电子报阅读机
2026-04-06
星期一
当前报纸名称:芜湖日报

啄春记

日期:04-16
字号:
版面:第A05版:留春       上一篇    下一篇

解帮

这事现在想来我仍觉费解,在城市一隅,这两只小花鸡从何处来?又如何探知土里埋着可食的种子?

趁刚落的薄薄一层春雨,我把菜种子按畦分类播了下去。之后的每天清晨,我都要透过厨房窗户向那片枯黄的菜畦丢去几个眼神,指望种子快快抽芽,期待它再快快成长,到时可以烧盘好菜给我下酒。过了三天,这块菜畦迎来了它的第一批客人:两只俏丽的小花鸡!
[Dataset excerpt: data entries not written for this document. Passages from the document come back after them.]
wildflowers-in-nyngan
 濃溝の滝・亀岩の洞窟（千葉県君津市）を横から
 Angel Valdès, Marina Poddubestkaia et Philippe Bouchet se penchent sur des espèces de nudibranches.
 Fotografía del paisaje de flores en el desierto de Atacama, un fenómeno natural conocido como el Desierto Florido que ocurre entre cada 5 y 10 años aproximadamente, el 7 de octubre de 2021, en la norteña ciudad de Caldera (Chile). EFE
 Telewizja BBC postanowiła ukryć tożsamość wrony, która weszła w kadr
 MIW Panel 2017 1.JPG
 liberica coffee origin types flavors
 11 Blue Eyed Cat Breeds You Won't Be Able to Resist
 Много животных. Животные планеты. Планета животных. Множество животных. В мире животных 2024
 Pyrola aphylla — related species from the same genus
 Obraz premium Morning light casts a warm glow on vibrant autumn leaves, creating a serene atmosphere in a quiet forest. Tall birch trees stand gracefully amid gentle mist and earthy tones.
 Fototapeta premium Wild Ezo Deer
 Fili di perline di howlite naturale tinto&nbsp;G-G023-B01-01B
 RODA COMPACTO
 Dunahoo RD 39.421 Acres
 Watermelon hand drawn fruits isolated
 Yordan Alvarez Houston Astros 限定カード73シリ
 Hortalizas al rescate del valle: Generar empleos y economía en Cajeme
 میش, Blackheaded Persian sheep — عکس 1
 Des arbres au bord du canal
那天早上,六点半钟刚过,太阳刚露头,但从半畦狼藉的土面上来作分析,这对小花鸡在院里铁定是刨了好一阵子了。看它们悠闲的姿态,像极了一对身着夹袄的好姐妹。它们的小爪子在土里麻利地刨儿刨啊,刨开了种子上覆着的细土;它们尖尖的喙像镊子一般插进在土里,不紧不慢地啄出了藏匿在土里的蔬菜种子。这早餐得来有点费工夫,但吃得想必那是一个痛快。

城里有散养的鸡?想到这层,我立马诧异得紧。站在窗户前,我的不祥预感是,如果放任它们在院中流连,不要多长时间,这一院的蔬菜种子便可能会葬送在它们的喙下。我急匆匆地推开院门,挥着双臂冲进院里,急迫的心情是一秒也不能等的啊!这对食客见势不妙,长长的脖颈一缩,咯咯轻唤几声,往前几个快步就钻出了绿篱,消失在晨光里。

院子又恢复了宁静。看着被我打理得如铺好的被子一样工整的这半畦菜地,现在已凌乱不堪了。为了把这二十平方米左右的院子打造成菜园,拿到房之后,我把原来的水泥地面掀了,又运来优质土壤,费钱不少。我把院子整理成四小畦地,施上从老家带来的有机肥。几场春雨过后,枯败的旧色渐行远去,蓬勃的新景扑面而来。我兴致勃勃地买来一些青椒、茄子、西红柿种子撒下去,尽心侍弄着,期盼着后期能适当弥补家里日常的菜蔬之需。没想到这埋在土里的种子在城市里还会遭遇天敌!

转念想到那两只逃之夭夭的鸡,我的气也消了,人和鸡斗个什么劲。看离上班的时间尚早,我立马动手往土里又撒了一些种子,拿锹把土再次整平。为防止两只鸡和我打“游击”,我特地在绿篱外转了一圈,它们早跑无影踪了。带着忐忑的心离开家门,下班一到家,我便急匆匆地跑进院,见畦上的土没有再次被破坏的痕迹,才稍稍松了一口气。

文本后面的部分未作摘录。